◆ **REQUIREMENT**:
Give back exactly the lines spanning from the one containing "Edwardian Antique Diamond" to the final line of the records below, and no others.

◆ **ENTRIES SHOWN**:
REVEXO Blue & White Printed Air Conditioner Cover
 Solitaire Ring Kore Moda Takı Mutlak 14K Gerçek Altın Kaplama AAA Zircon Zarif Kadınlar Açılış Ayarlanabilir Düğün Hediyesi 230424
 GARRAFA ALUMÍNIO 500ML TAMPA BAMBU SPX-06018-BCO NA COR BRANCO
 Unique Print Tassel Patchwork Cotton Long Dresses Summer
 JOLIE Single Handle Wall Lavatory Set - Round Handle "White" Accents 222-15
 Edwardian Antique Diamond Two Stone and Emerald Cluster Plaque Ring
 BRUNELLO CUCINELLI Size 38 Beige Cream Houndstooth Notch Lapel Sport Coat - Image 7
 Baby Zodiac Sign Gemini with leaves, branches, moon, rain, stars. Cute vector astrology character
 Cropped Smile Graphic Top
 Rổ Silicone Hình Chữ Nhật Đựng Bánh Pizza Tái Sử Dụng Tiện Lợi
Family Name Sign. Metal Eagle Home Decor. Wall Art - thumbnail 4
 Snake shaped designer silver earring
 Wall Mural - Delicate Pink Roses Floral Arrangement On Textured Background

◆ **EXERCISE ANSWER**:
 Edwardian Antique Diamond Two Stone and Emerald Cluster Plaque Ring
 BRUNELLO CUCINELLI Size 38 Beige Cream Houndstooth Notch Lapel Sport Coat - Image 7
 Baby Zodiac Sign Gemini with leaves, branches, moon, rain, stars. Cute vector astrology character
 Cropped Smile Graphic Top
 Rổ Silicone Hình Chữ Nhật Đựng Bánh Pizza Tái Sử Dụng Tiện Lợi
Family Name Sign. Metal Eagle Home Decor. Wall Art - thumbnail 4
 Snake shaped designer silver earring
 Wall Mural - Delicate Pink Roses Floral Arrangement On Textured Background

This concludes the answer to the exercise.